TASK DESCRIPTION
Leaving the pictures aside, reproduce the data in full and word for word.

RAW DATA
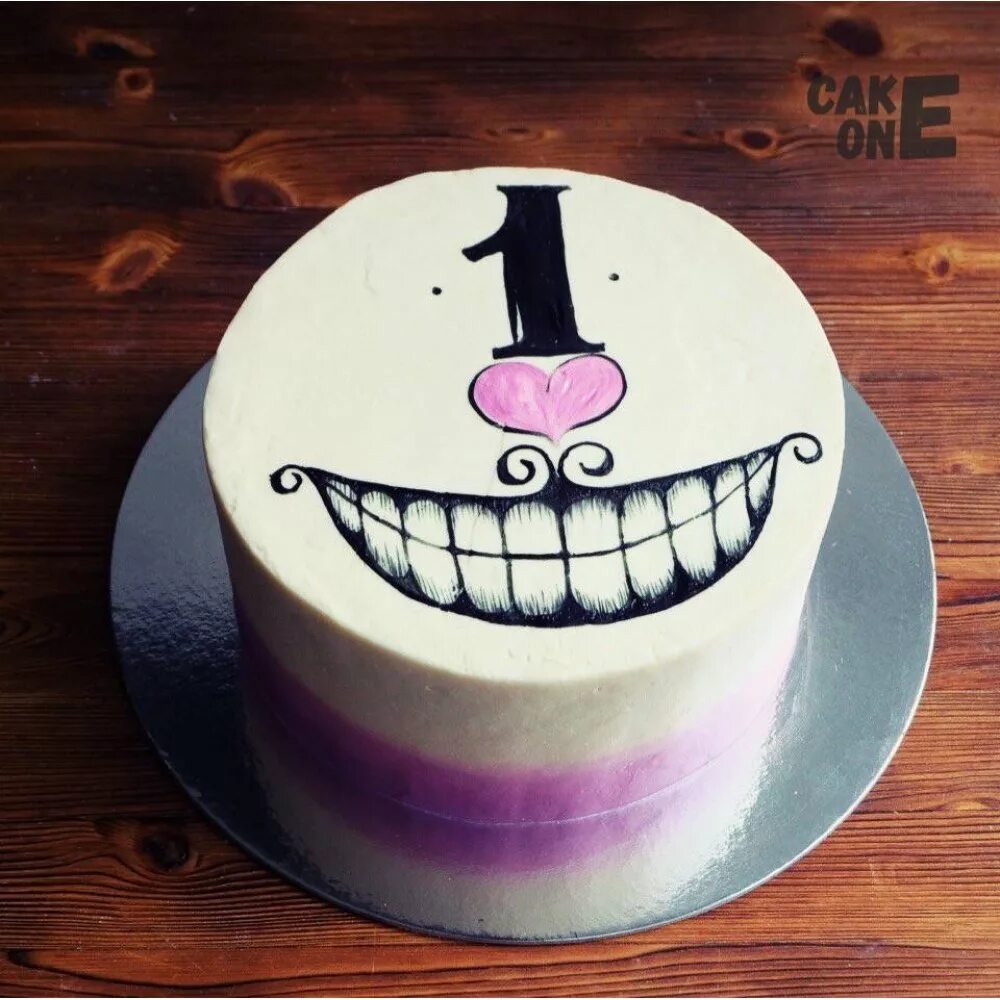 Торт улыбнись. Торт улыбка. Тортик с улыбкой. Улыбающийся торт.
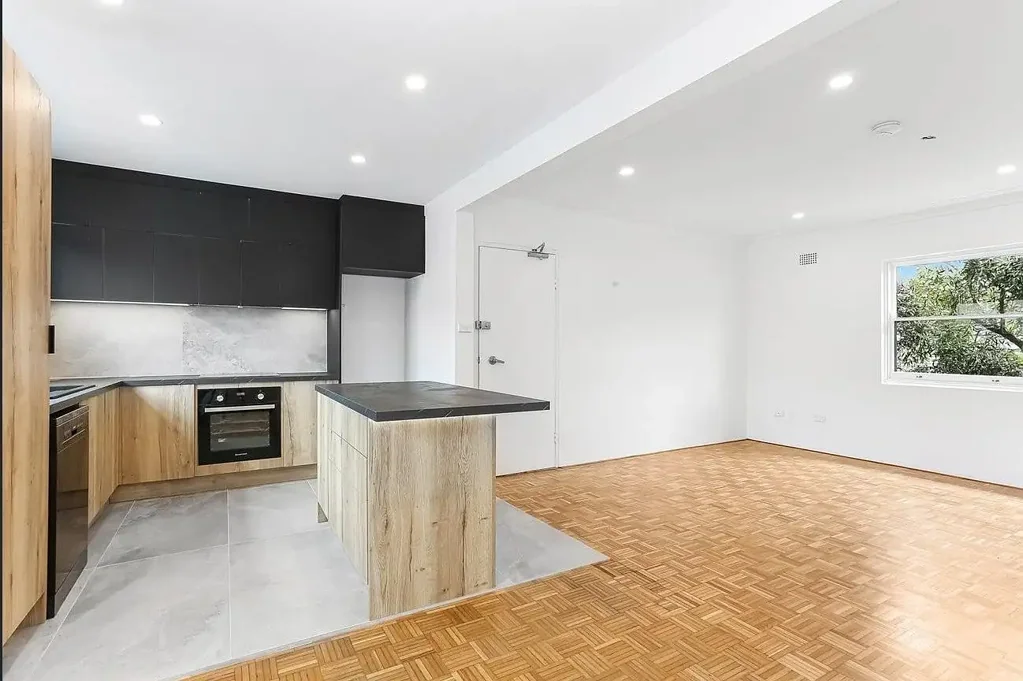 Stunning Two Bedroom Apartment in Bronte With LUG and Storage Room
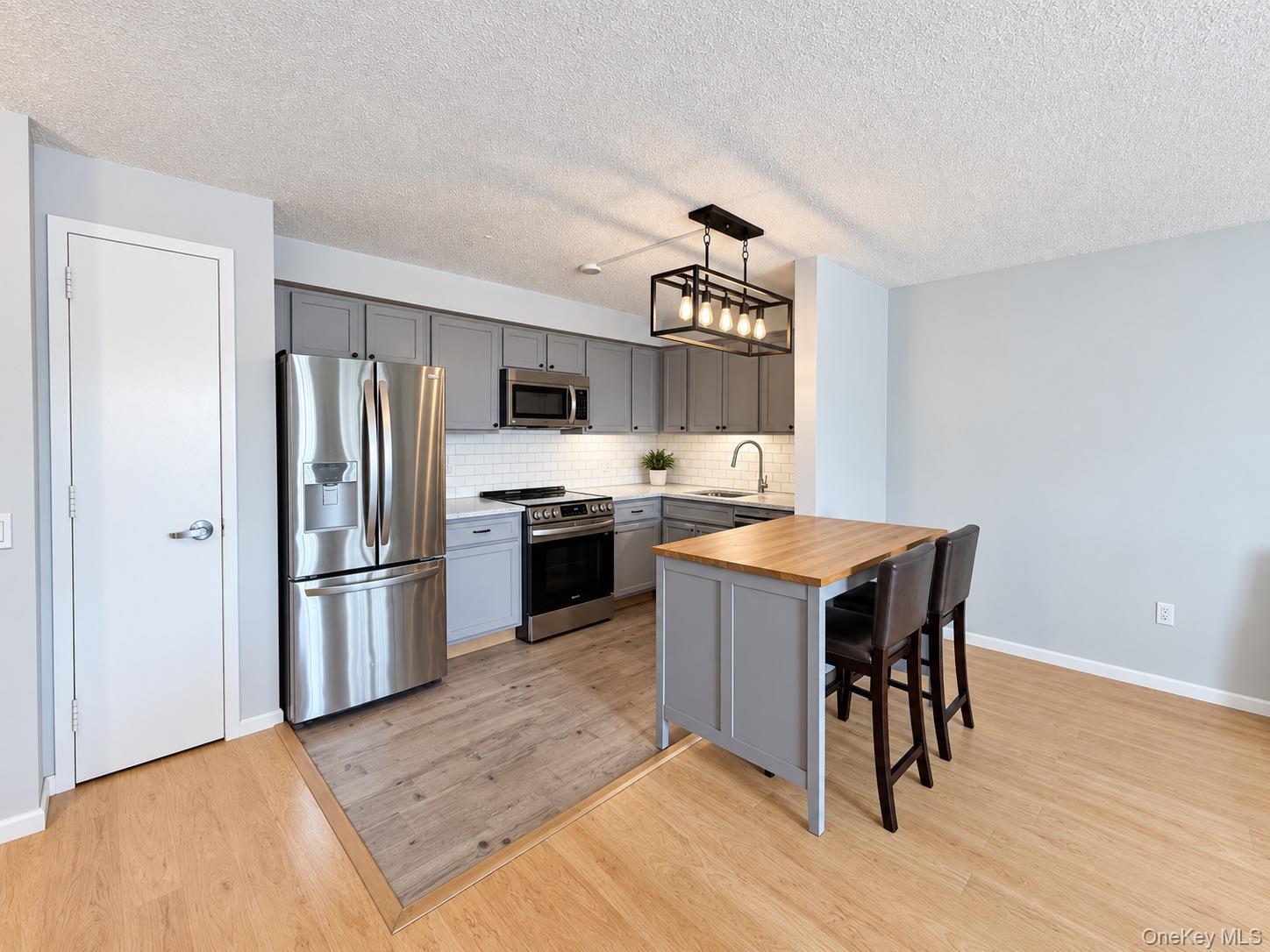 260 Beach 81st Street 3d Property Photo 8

RESPONSE TO THIS EXERCISE
 Торт улыбнись. Торт улыбка. Тортик с улыбкой. Улыбающийся торт.
 Stunning Two Bedroom Apartment in Bronte With LUG and Storage Room
 260 Beach 81st Street 3d Property Photo 8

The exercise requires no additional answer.